- [Records for this exercise]:
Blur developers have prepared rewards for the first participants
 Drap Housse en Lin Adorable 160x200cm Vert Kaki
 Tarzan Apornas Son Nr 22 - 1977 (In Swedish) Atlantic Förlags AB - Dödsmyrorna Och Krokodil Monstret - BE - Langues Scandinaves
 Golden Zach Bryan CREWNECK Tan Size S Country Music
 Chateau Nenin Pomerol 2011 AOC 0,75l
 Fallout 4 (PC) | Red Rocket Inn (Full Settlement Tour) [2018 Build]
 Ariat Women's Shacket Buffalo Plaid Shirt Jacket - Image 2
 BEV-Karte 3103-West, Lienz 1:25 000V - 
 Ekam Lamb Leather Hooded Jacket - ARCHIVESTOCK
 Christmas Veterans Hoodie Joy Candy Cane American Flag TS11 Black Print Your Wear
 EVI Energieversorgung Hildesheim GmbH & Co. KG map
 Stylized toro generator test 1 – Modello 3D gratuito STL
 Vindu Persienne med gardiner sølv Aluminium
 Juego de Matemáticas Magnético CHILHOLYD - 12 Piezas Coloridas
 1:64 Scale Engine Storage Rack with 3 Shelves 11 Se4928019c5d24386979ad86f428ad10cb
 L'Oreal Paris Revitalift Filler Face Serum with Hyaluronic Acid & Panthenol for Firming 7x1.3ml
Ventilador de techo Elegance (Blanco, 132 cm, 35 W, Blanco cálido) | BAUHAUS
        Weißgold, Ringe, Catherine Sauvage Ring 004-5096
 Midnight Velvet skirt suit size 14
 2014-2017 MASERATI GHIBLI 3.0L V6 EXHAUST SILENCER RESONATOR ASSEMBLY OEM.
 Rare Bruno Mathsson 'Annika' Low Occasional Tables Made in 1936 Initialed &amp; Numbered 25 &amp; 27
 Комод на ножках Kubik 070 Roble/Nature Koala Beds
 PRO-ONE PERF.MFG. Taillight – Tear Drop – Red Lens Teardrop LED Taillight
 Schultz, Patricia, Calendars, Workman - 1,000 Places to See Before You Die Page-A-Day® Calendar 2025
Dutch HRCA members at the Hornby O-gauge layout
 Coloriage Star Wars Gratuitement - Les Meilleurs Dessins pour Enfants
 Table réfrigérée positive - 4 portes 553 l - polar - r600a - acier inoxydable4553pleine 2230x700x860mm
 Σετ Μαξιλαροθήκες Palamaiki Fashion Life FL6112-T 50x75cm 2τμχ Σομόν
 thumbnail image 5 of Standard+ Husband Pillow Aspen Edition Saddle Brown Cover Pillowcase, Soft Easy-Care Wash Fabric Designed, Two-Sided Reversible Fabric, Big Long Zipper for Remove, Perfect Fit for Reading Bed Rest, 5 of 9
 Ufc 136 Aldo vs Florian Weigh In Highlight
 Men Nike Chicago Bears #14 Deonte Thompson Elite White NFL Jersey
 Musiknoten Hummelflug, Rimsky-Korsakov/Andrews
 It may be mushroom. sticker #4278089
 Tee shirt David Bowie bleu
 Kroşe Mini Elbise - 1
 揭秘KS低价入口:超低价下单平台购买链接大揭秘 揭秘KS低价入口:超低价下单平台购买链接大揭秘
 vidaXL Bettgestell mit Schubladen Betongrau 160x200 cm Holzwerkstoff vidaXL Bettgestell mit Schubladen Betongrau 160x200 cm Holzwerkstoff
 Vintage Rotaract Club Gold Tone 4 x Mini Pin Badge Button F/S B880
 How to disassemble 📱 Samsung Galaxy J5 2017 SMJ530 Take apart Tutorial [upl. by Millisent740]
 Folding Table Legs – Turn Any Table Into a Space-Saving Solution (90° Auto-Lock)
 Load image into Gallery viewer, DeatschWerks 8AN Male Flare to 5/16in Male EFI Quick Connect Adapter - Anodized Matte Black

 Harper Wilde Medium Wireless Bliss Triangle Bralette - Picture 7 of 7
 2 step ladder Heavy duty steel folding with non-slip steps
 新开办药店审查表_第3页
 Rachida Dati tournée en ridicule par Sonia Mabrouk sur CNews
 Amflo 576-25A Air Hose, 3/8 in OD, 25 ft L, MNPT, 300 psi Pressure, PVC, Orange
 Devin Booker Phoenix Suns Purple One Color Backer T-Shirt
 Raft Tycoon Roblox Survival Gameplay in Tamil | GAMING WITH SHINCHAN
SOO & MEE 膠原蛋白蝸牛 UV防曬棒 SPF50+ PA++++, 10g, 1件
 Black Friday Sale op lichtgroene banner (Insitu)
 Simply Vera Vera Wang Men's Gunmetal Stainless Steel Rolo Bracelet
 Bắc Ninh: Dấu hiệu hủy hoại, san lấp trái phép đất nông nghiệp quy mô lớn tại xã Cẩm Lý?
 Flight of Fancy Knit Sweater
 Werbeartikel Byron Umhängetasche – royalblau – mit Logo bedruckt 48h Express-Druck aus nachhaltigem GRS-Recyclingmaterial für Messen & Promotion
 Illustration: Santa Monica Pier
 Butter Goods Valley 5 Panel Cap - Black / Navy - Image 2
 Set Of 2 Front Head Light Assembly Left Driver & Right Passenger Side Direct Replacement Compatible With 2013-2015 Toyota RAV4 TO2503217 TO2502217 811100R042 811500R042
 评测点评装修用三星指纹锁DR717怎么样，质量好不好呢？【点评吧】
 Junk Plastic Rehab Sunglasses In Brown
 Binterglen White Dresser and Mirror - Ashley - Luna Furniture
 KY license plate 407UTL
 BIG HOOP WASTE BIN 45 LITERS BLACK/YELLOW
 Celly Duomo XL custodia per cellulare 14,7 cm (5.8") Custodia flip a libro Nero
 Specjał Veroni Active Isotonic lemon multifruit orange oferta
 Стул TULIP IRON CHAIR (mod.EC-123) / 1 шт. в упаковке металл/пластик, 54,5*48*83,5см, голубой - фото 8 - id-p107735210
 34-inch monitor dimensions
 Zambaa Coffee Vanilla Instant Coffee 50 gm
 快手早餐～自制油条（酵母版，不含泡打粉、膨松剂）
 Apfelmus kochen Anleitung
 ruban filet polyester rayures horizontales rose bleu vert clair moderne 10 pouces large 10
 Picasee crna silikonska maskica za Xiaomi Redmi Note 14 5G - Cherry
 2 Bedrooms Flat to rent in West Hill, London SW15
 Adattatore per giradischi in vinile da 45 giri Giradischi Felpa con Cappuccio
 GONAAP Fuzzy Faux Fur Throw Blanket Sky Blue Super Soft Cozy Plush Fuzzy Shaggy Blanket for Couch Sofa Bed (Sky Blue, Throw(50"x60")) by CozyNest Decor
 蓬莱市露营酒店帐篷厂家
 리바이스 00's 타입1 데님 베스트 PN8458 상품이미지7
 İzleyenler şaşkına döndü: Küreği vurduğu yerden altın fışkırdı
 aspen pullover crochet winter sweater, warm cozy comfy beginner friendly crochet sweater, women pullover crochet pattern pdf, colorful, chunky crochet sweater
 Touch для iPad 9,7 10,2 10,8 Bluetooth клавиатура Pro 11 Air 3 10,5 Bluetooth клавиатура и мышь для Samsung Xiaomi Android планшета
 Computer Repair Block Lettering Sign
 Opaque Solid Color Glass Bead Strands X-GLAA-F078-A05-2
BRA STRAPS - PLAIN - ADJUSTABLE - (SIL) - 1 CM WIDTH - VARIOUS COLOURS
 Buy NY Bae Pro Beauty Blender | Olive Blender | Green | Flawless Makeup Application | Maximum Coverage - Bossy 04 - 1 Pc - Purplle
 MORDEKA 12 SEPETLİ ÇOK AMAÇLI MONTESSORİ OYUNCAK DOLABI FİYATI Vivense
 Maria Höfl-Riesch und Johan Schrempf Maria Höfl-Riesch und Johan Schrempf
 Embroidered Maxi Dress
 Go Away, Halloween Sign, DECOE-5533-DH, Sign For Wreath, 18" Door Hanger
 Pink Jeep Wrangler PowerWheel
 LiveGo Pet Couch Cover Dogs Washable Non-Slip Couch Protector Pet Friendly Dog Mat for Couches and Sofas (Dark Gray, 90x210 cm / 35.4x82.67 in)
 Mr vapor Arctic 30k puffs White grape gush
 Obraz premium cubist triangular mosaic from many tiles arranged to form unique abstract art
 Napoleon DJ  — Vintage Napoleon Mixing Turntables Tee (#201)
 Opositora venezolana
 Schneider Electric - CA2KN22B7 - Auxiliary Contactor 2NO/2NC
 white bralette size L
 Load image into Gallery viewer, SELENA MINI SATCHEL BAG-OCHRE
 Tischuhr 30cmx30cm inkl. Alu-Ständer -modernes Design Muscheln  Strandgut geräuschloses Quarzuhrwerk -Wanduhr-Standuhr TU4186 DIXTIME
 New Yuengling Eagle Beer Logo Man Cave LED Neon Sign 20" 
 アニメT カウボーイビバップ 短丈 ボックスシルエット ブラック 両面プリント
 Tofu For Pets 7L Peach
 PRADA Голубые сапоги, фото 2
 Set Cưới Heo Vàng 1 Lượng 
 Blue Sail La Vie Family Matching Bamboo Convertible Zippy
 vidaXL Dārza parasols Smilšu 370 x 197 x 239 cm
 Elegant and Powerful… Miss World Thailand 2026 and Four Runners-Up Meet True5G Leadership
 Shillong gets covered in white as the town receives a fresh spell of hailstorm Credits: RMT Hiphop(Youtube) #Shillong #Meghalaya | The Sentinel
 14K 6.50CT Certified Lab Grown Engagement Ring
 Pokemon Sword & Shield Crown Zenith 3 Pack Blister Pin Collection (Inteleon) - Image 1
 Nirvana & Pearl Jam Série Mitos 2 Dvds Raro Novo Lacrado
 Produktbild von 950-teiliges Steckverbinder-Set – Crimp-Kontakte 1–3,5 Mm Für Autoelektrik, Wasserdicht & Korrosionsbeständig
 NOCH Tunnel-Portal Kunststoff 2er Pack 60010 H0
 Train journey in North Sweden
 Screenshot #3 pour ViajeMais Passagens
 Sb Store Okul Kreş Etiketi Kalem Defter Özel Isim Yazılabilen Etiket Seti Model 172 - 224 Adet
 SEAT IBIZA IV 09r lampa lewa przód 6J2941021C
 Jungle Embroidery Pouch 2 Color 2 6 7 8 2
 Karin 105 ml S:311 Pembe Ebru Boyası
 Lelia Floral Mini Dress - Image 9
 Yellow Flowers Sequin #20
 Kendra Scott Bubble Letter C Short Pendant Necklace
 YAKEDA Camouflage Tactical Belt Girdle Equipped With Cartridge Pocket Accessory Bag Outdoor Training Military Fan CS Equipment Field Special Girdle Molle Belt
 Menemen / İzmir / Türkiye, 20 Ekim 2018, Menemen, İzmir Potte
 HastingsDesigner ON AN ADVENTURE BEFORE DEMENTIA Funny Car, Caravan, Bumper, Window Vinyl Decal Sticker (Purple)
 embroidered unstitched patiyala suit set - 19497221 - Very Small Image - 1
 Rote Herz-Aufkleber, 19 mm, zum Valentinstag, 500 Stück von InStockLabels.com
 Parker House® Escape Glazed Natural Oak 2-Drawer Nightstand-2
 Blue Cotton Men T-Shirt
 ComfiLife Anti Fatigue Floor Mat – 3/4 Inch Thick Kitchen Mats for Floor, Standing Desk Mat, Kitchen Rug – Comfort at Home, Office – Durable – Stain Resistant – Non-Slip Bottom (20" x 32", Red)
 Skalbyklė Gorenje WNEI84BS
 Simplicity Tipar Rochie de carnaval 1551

- [Directions]: In the data above, find the line that contains "Chateau Nenin Pomerol 2011 AOC 0,75l", then reproduce exactly every line from the first line through that line.

- [Response to this exercise]:
Blur developers have prepared rewards for the first participants
 Drap Housse en Lin Adorable 160x200cm Vert Kaki
 Tarzan Apornas Son Nr 22 - 1977 (In Swedish) Atlantic Förlags AB - Dödsmyrorna Och Krokodil Monstret - BE - Langues Scandinaves
 Golden Zach Bryan CREWNECK Tan Size S Country Music
 Chateau Nenin Pomerol 2011 AOC 0,75l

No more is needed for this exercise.